Tiempo después tuve que ir a la Corporación Nacional de Turismo, y allí me encontré con Laura.
Tuve entonces oportunidad de hablar con ella y ahí empezó nuestra amistad.
Me habló de España, del Caribe, de Suramérica. Me habló de poemas y de su amado Eligio (el poeta de la rosa) y de su afición al periodismo, como hija que era de periodistas.
Volvimos a tropezarnos en La Opinión, donde ambos éramos columnistas. Cuando fui corrector de estilo del periódico, Laurita me mandaba sus columnas, escritas a máquina, para que se las revisara.
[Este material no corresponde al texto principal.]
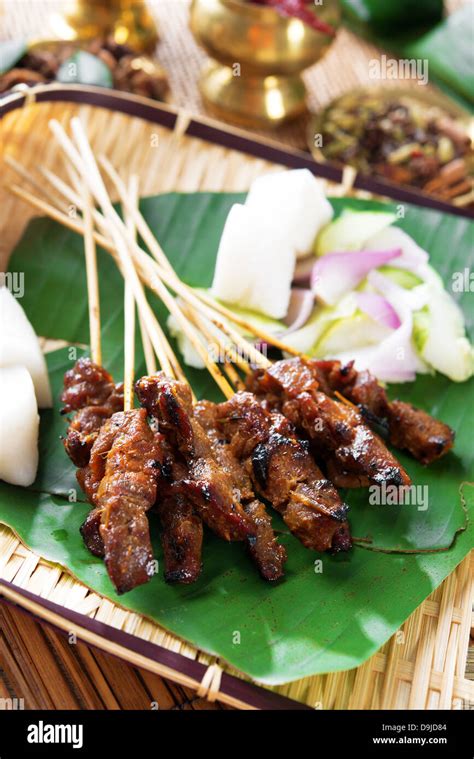 Beef satay, roasted meat skewer Asia food. Traditional Southeast Asia food. Hot and spicy ...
Parece ser que Laurita no se entusiasmó mucho con los adelantos modernos y en vez de computador prefería seguir escribiendo en su vieja máquina de escribir, compañera y confidente de sus cuitas.
Sus escritos tenían un toque romántico y la poesía afloraba en todos los reglones.
El destino siguió juntándonos, pues más tarde volvimos a encontrarnos en la Academia de Historia. Allí valoré su sapiencia y su amor por el terruño.
Alguna vez con motivo de un cumpleaños suyo, José Luis Villamizar Melo le organizó una serenata. Tres guitarras. Muchas voces. Varios amigos.
Fue una velada de historia, poesía y boleros. El momento culminante de la reunión fue cuando Laurita, emocionada, nos dedicó una hermosa canción.
Entonces supimos que, además de unos ojos hermosos y una sonrisa ancha y un corazón grandote, tenía muy buena voz para cantar.
Con el tiempo, Laurita se alejó del mundanal ruido. Se encerró en ella misma y en sus recuerdos. Se alejó a vivir su vida llena de poemas y a soñar otros mundos.
El pasado viernes se marchó definitivamente. Tengo la certeza de que la Virgen de la Macarena salió a recibirla con desfiles y danzas y pasodobles y toreros. Tal como ella lo había hecho veinticinco años atrás en su Cúcuta del alma.